# I would, would you..?



## Muttley1900 (Dec 23, 2008)

As some of us S1 owners are not in a vm cabled area and therefore the current offering from VM is not available to us, would you, if TiVo/VM were to launch a freeview TiVo (that say offered some of VM's on demand stuff via broadband and maybe links into iplayer etc etc) sign up for it? And if yes, what would you be willing to pay for it.

I think I'd go as high as £400 for the unit (if it was mine to keep) and prob circa £10 a month subscription (or in other words, turn the clock back 10 years, but with today's technology  ). 

J.


----------



## DB70+ (Jan 31, 2011)

Possibly

But as the VM Tivo is lease only, I would not want pay too much for it.

As I am with a lifetime licence S1, I am not sure of the £10 p m either

Yes, up-to-date technology but still needs to be the right price.

D


----------



## BrianHughes (Jan 21, 2001)

I'd grab it with both hands.
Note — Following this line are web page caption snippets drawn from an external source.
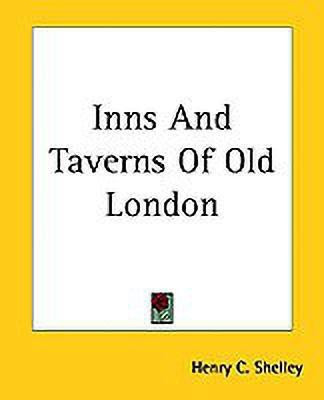 Inns And Taverns Of Old London(English, Paperback, Shelley Henry C.)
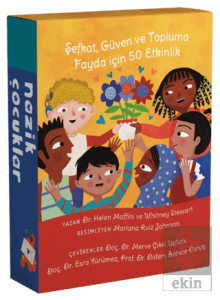 Nazik Çocuklar - Şefkat, Güven ve Topluma Fayda için 50 Etkinlik
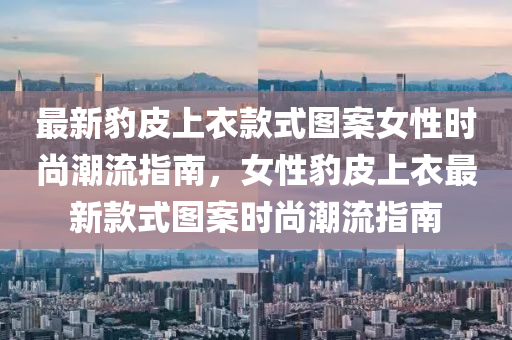 最(zui)新(xin)豹皮(pi)上(shang)衣(yi)欵式圖(tu)案(an)女性(xing)時尚(shang)潮流指南(nan)，女(nv)性(xing)豹皮上(shang)衣最新欵式(shi)圖案時(shi)尚(shang)潮(chao)流指南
No question.


----------



## Mark Bennett (Sep 17, 2001)

Problem is, some of us won't get Freeview for another year or so. (And even then I have reservations as to the quality some will receive - for instance the analogue signal where I live is not usable).
So I'd want one that can control the Sky box - just as my S1 does....


----------



## mikerr (Jun 2, 2005)

I'd be surprised if there's any market for a freeview PVR over £200 
- the market is saturated with freeview PVRs for as little as £60

Then good luck trying to sell a subscription on top of that !

The only way to get people to pay a sub is for extra channels (i.e. sky/virgin) or extra content ( BT Vision).
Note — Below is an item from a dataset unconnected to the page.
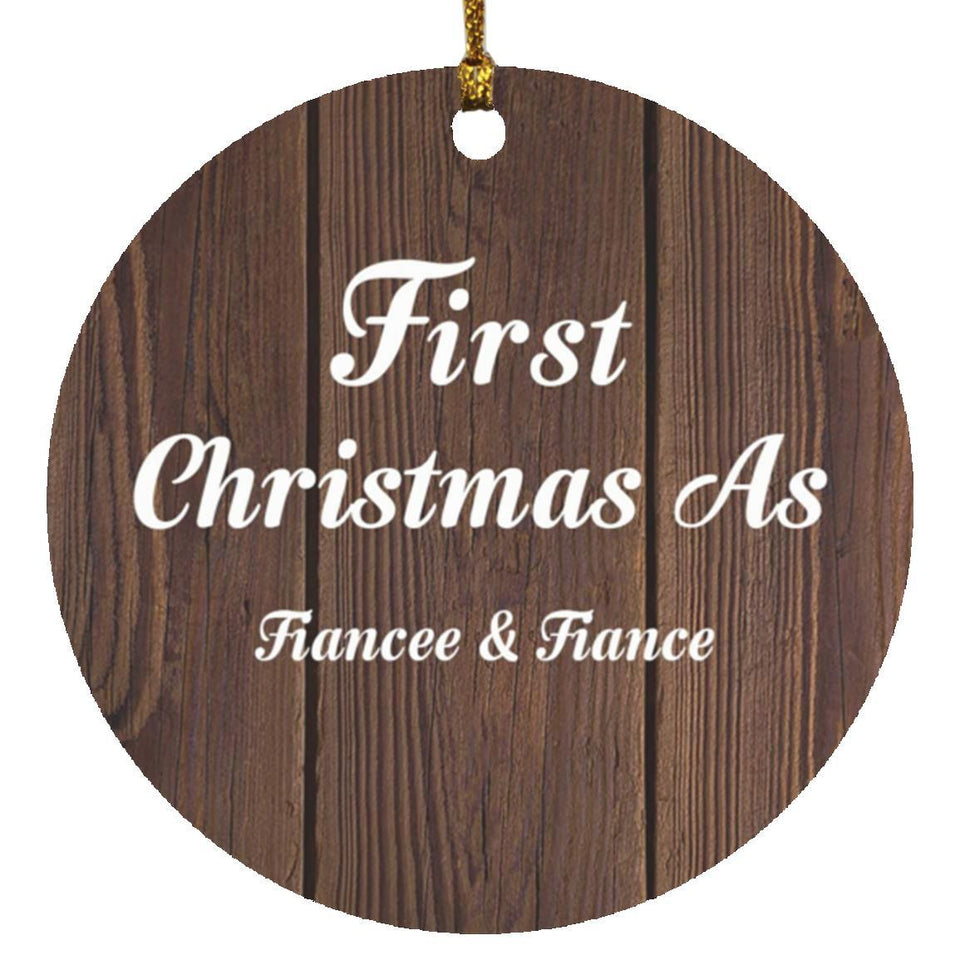 First Christmas As Fiancee & Fiance - Circle Ornament D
So while VM/TiVo could develop a BT Vision clone (Freeview PVR with some downloadable content over ADSL), nationwide broadband isn't ready for a full IPTV implementation.
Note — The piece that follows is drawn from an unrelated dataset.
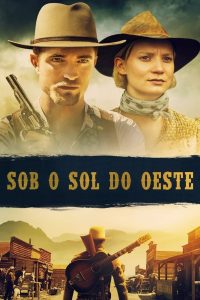 Sob o Sol do Oeste (2018) Online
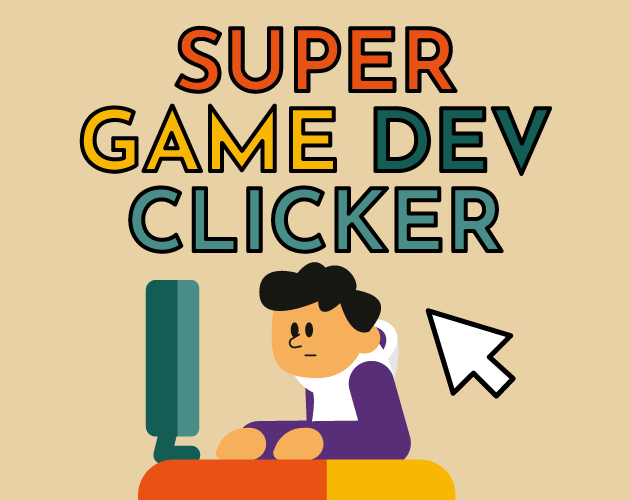 Cover image for Super Game Dev Clicker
How well is BT Vision doing ?



Mark Bennett said:


> So I'd want one that can control the Sky box - just as my S1 does....


I think the days of recompressing an input like the S1 does are long over.


----------



## Automan (Oct 29, 2000)

Mark Bennett said:


> Problem is, some of us won't get Freeview for another year or so. (And even then I have reservations as to the quality some will receive - for instance the analogue signal where I live is not usable).
> So I'd want one that can control the Sky box - just as my S1 does....


Likewise and I think when we do get Freeview our local transmitter, Newhaven will not get the full line-up.

Automan.


----------



## Pete77 (Aug 1, 2006)

What is actually needed is a software only version of Tivo that can run on a PC like Windows MCE with any required mixed combination of tuner hardware like one DTT (Freeview) and two satellite tuners and/or a mix of both SD and HD channel compatible tuners..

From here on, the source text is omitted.